Houston Dynamo Defeat Puntarenas, FIFA Bans Head Scarves, and More
By Nick Barbaro, 7:37PM, Wed. Mar. 7, 2007
The Houston Dynamo beat Costa Rica’s Puntarenas, 2-0, last Thursday night in College Station, avenging a 1-0 first-leg loss and advancing to the semifinals of the CONCACAF Champions Cup. The goals came, one in each half, from Paul Dalglish and Kelly Gray, but the man of the match may once again have been keeper Zach Wells, the backup who had come on as an emergency replacement for injured starter Pat Onstad in Costa Rica and stopped a penalty kick on his first touch. This marks the first time an American team has ever beaten a Tico squad in Cup play.

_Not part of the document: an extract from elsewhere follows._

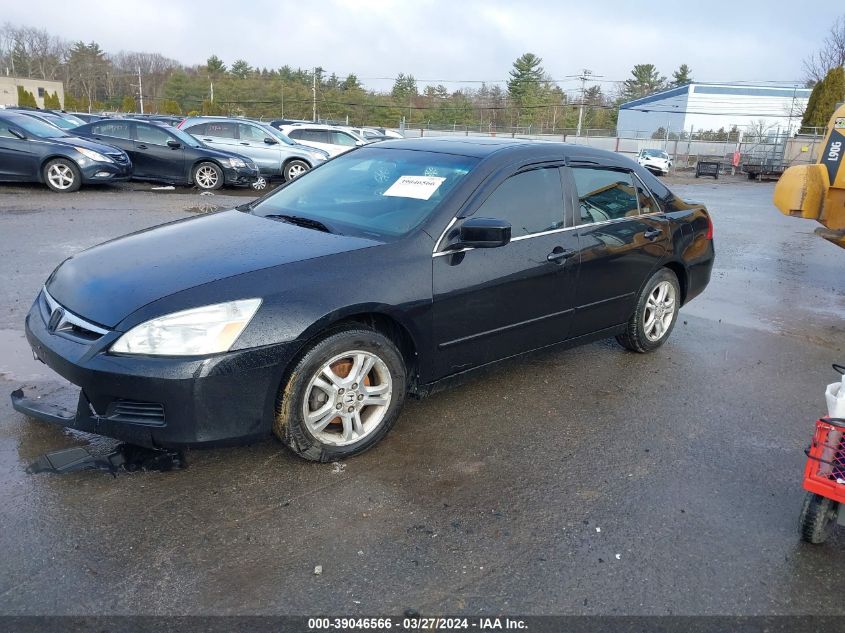 2007 Honda Accord 2.4 Ex VIN: 1HGCM56727A193048 Lot: 39046566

Next up: Defending Mexican champs and South American Cup champs (the first Mexican team ever to win that title), Pachuca, come to Houston next Wednesday; the return leg is in Pachuca on April 5. All this, and the MLS season doesn’t even start for another month. Robertson Stadium, Wed., March 14, 7:30pm; www.houstondynamo.com for more info.
Three English teams advanced to the final eight of the European Champions League this week: Manchester United, Chelsea, and Liverpool, which ousted defending champ Barcelona. Arsenal, the lone English failure, was bounced out of their third cup competition in 10 days, by PSV Eindhoven. Also going through: AC Milan (in overtime over Glasgow Celtic), Bayern Munich (over Real Madrid), Roma (on the road in Lyon) and Valencia (ousting still-undefeated Italian champs Inter Milan).

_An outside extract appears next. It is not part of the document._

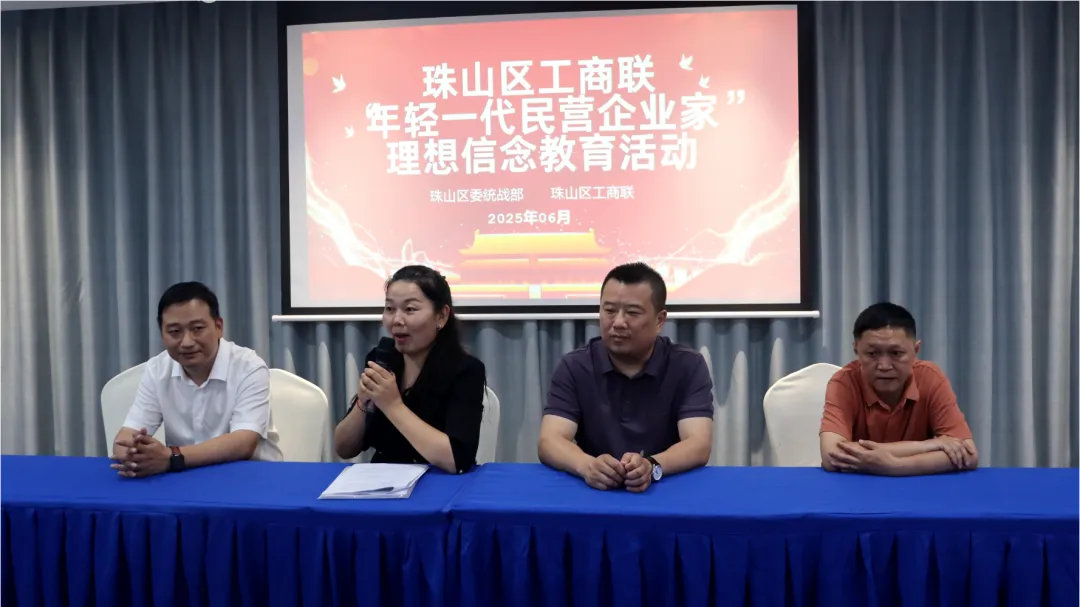 “法治赣商行”专项公益普法宣传活动之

Breakfast of the week: this Sunday, 7:30am, Fadó Irish Pub. Exclusively on pay-per-view, two cracking British derbies on closed circuit PPV – London’s Chelsea-Spurs in the FA Cup and Glasgow’s legendary Celtic-Rangers, which just may be the world’s most intense sporting rivalry. Perfect for an Irish breakfast and a pint of Guinness, innit? A FOX Soccer Channel FA Cup doubleheader follows: Blackburn-Man City at 11am, and Plymouth-Watford at 1pm.

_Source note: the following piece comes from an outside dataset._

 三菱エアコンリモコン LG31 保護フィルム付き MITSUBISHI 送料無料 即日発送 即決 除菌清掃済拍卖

The U.S. Soccer Federation has announced that they’ll bid to host the World Cup in 2018, challenging England’s previously announced bid. The WC will be in South Africa in 2010, and it’s widely assumed that it will be in South America (probably Brazil) in 2014. FIFA President Sepp Blatter added weight to the American bid by announcing that, by strict rotation, the Cup ought to be in North America in 2018.
FIFA has ruled definitively that no player may wear a head scarf on the field, reaffirming a referee’s decision to ban an 11-year-old Muslim girl from a tournament near Montreal. The case drew worldwide attention after her team withdrew in protest.